A 2005 report from Citigroup coined the term “plutonomy,” to describe countries “where economic growth is powered by and largely consumed by the wealthy few,” and specifically identified the U.K., Canada, Australia, and the United States as four plutonomies. Keeping in mind that the report was published three years before the onset of the financial crisis in 2008, the Citigroup report stated: “Asset booms, a rising profit share and favourable treatment by market-friendly governments have allowed the rich to prosper and become a greater share of the economy in the plutonomy countries,” and that, “the rich are in great shape, financially.”[47] It’s only everyone else that is suffering, which by definition, is a “well functioning” economy. As the Federal Reserve reported, “the nation’s top 1% of households own more than half the nation’s stocks,” and “they also control more than $16 trillion in wealth — more than the bottom 90%.” The term ‘Plutonomy’ is specifically used to “describe a country that is defined by massive income and wealth inequality,” and that they have three basic characteristics, according to the Citigroup report:

1. They are all created by “disruptive technology-driven productivity gains, creative financial innovation, capitalist friendly cooperative governments, immigrants…the rule of law and patenting inventions. Often these wealth waves involve great complexity exploited best by the rich and educated of the time.”

2. There is no “average” consumer in Plutonomies. There is only the rich “and everyone else.” The rich account for a disproportionate chunk of the economy, while the non-rich account for “surprisingly small bites of the national pie.” [Citigroup strategist Ajay] Kapur estimates that in 2005, the richest 20% may have been responsible for 60% of total spending.

3. Plutonomies are likely to grow in the future, fed by capitalist-friendly governments, more technology-driven productivity and globalization.[48]

Kapur, who authored the Citigroup report, stated that there were also risks to the Plutonomy, “including war, inflation, financial crises, the end of the technological revolution and populist political pressure,” yet, “the rich are likely to keep getting even richer, and enjoy an even greater share of the wealth pie over the coming years.”[49]

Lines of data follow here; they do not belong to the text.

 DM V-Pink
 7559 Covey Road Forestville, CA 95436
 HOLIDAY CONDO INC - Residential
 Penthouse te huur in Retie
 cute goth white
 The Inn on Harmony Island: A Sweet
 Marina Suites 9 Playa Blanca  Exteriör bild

In February of 2011, Ajay Kapur, the author of the Citigroup report who is now with Deutsche Bank, gave an interview in which he explained that, “the world economy is even more dependent on the spending and consumption of the rich,” and that, “Plutonomist consumption is almost 10 times as volatile that of the average consumer.” He further explained that increased debt levels are a sign of plutonomies:

We have an economy today where a large fraction of the population doesn’t pay federal income taxes and, because of demand for entitlements, we have a system of massive representation without taxation. On the other hand, you have plutonomists who protect their turf and the taxation amounts are not enough to pay for everyone’s demand. So I’ve come to the conclusion that budget deficits are biased toward getting bigger and bigger. Budget deficits are going to become a manifestation of a plutonomy.[50]

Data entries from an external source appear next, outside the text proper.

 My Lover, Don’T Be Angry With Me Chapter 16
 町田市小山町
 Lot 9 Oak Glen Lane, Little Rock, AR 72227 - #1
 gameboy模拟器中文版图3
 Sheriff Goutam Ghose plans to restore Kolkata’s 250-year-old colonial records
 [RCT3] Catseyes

The plutonomy is largely characterized by a lack of a consuming and vibrant middle class. This is a trend that has been accelerating for several decades, particularly in North America and Britain, where the middle class population is heavily indebted. The middle class has existed as a consumer class, keeping the lower class submissive, and keeping the upper class secure and wealthy by consuming their products, produced with the labour of the lower class.

The most advanced plutonomies in the world are the most advanced industrial and technological nations, where the major corporations and banks are highly subsidized and protected by the state, as is typical for a state-capitalist society. While the industrial and rich northern state-capitalist societies were able to industrialize and grow rich through highly protectionist measures, the poor south of the world (Africa, Asia, Latin America) were subjected to “free market” policies which opened up their economies to be exploited and plundered by the rich northern nations. No country has ever become an industrial power by implementing free market policies, but rather, by doing the exact opposite: heavy subsidies and state protection for key industries, technologies, and corporate entities.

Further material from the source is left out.